Solution 1: Aircraft in Earth’s Magnetic Field
1. Analysis of Motional EMF:
When an aircraft flies horizontally, its wings cut the vertical component of the Earth’s magnetic field ($B_v$). This creates a motional electromotive force (EMF) across the wingtips.
The magnitude of this induced voltage is given by:
$$ \varepsilon = B_v \cdot L \cdot v $$Where:
- $B_v$ is the vertical component of Earth’s magnetic field.
- $L$ is the wingspan (length of the conductor).
- $v$ is the speed of the aircraft.
Thus, a voltage will be induced across the wings. One wingtip will be at a higher potential than the other.
Figure 1: The wing acts as a battery, but the connected circuit moves with it through the uniform field.
2. Will the bulb glow?
For the electric bulb to glow, a steady current must flow through its filament. A current requires a net electromotive force (EMF) around the closed loop formed by the wings and the connecting wires.
Consider the closed loop formed by the wing and the external wire connecting the bulb:
- The entire system (wing + wires + bulb) is moving with the same velocity $v$ through a uniform magnetic field.

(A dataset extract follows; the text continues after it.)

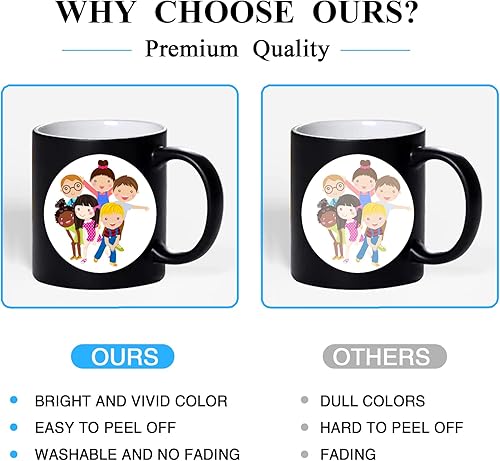 Miniatura 16 de 20 hojas de papel adhesivo de chorro de tinta transparente, 8.5 x 11 pulgadas, papel de transferencia de tobogán de agua transparente imprimible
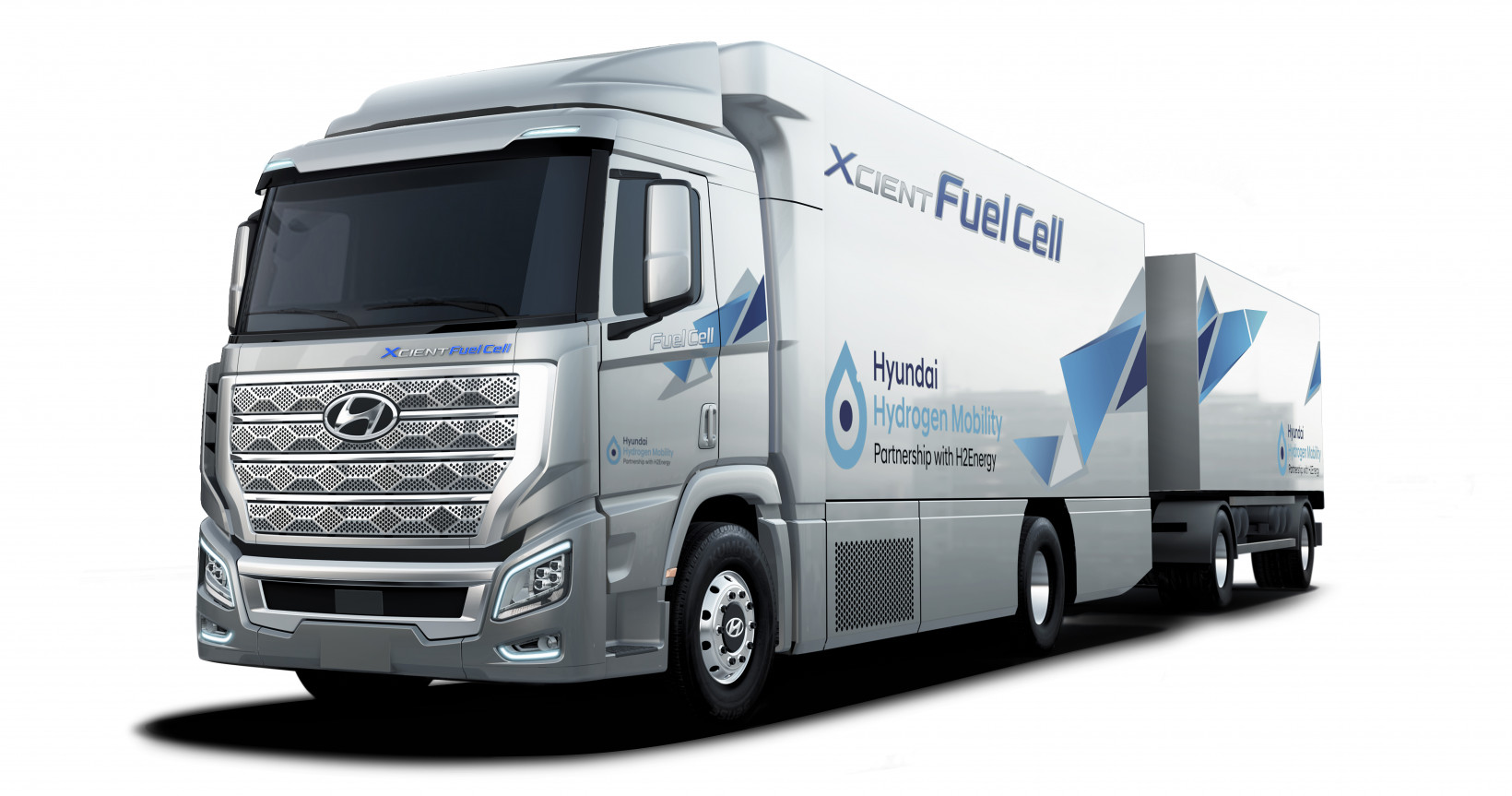 Hyundai’s first fuel cell-powered trucks arrive in Switzerland — bye bye, diesel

- The magnetic flux $\Phi_B$ passing through this loop is constant because the magnetic field $B$ is uniform and the area of the loop is not changing.
According to Faraday’s Law of Induction:
$$ \varepsilon_{\text{net}} = -\frac{d\Phi_B}{dt} $$Since $\Phi_B$ is constant, $\frac{d\Phi_B}{dt} = 0$. Therefore, the net EMF in the loop is zero, and no current flows.
Conclusion: While a potential difference exists across the wingtips (due to motional EMF), there is no net EMF to drive current through the bulb circuit because the connecting wires act as identical “batteries” opposing the wing’s EMF.